Escrutinadas as funções do contabilista certificado no EOCC poderemos concluir que não se enquadra, em nenhuma delas, o acto de análise de factos passíveis de participação criminal para o Ministério Público, nem o acto de preparação de um negócio jurídico, nem, tão pouco, o acto de aconselhar a empresa a denunciar um contrato com justa causa. Pelo que a resposta a esta questão: se um contabilista Certificado pode proceder a tal serviço tem de ser negativa por não se enquadrar em qualquer das funções que são acometidas ao contabilista certificado pelo artigo 10º do EOCC. Acresce às razões acima invocadas que, nos termos do artigo 70º n.º 3 do EOCC, os contabilistas certificados apenas podem subscrever as declarações fiscais, as demonstrações financeiras e os seus anexos que resultem do exercício directo das suas funções, o que não é o caso, considerando que o Sr. Dr. JV... não tem a assunção da responsabilidade da contabilidade da empresa mandante.
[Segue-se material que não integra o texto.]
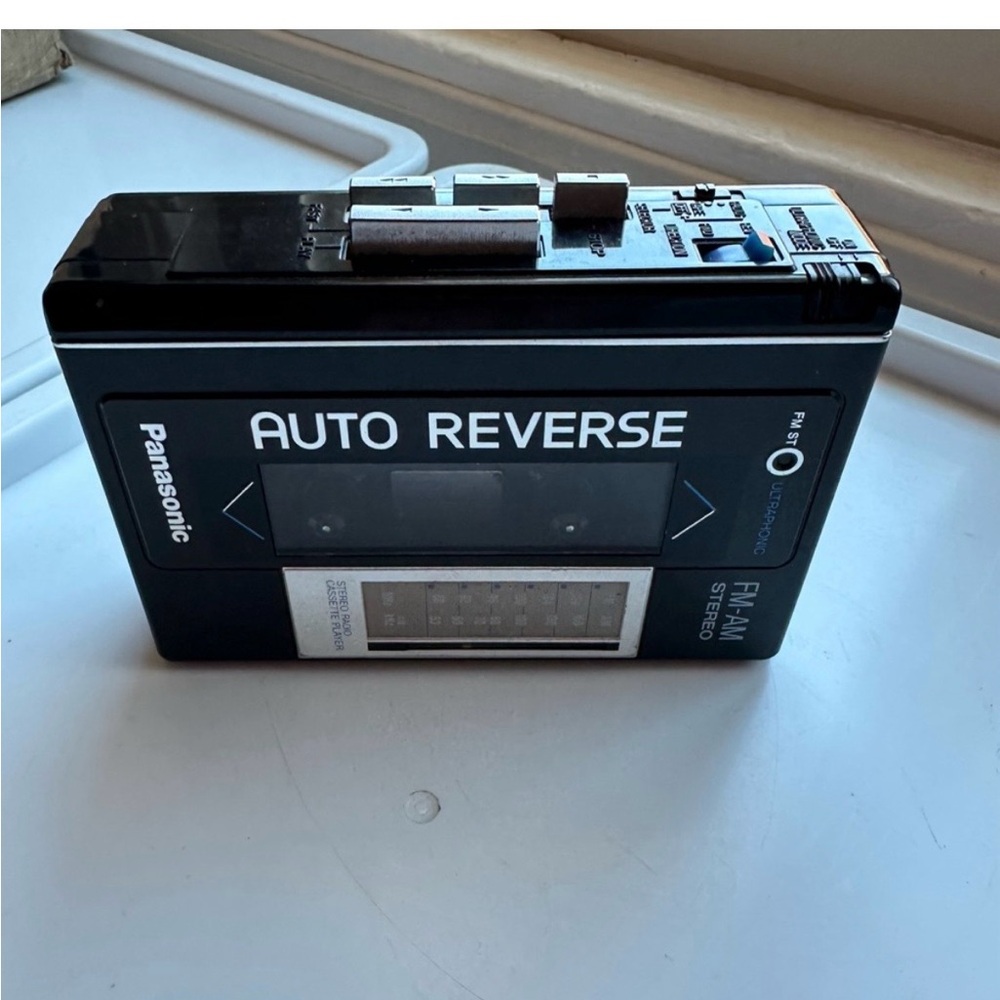 Panasonic Black Auto Reverse Portable Cassette Player with AM/FM
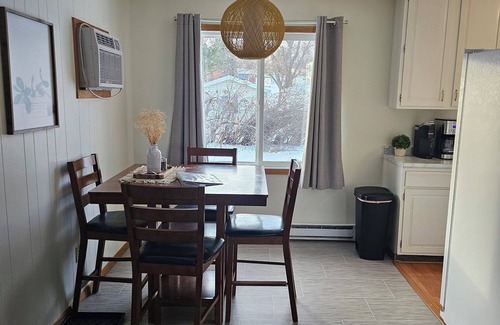 Lisbon Casa | Cozy Retreat near main street. Charming 3-bedroom house in lovely Lisbon.
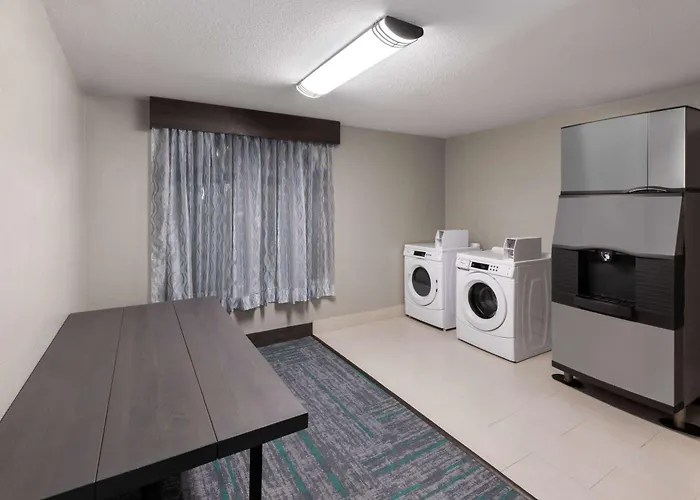 Resort: Wingate By Wyndham Sulphur Near Lake Charles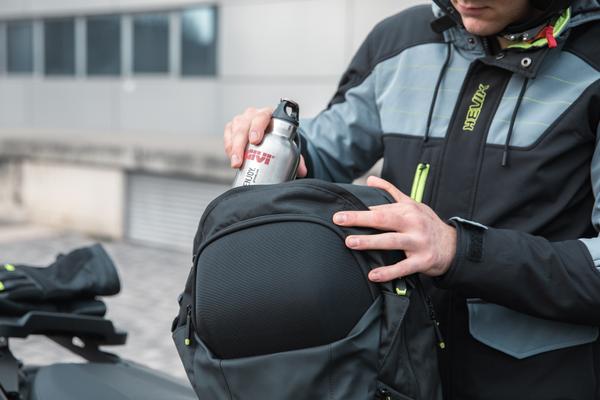 HONDA FORZA 350 (23) Urban 035 equipped with EA129B backpack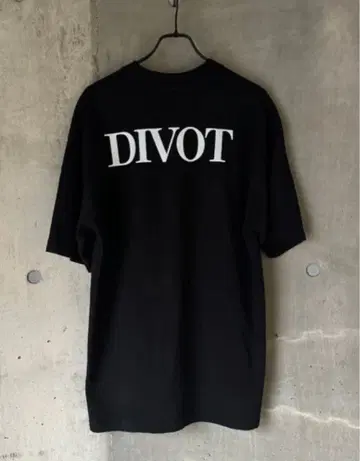 the DIVOT T셔츠 블랙 xl 미사용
O contabilista certificado pode ser mandatado por uma empresa para requerer apresentação de queixa-crime junto do Ministério Público e para preparação de um negócio jurídico?

Antes de mais, saliente-se e note-se que, como acima já foi analisado, o contabilista certificado não tem a função de apresentar junto do Ministério Público uma participação crime nem a função de preparar um negócio jurídico.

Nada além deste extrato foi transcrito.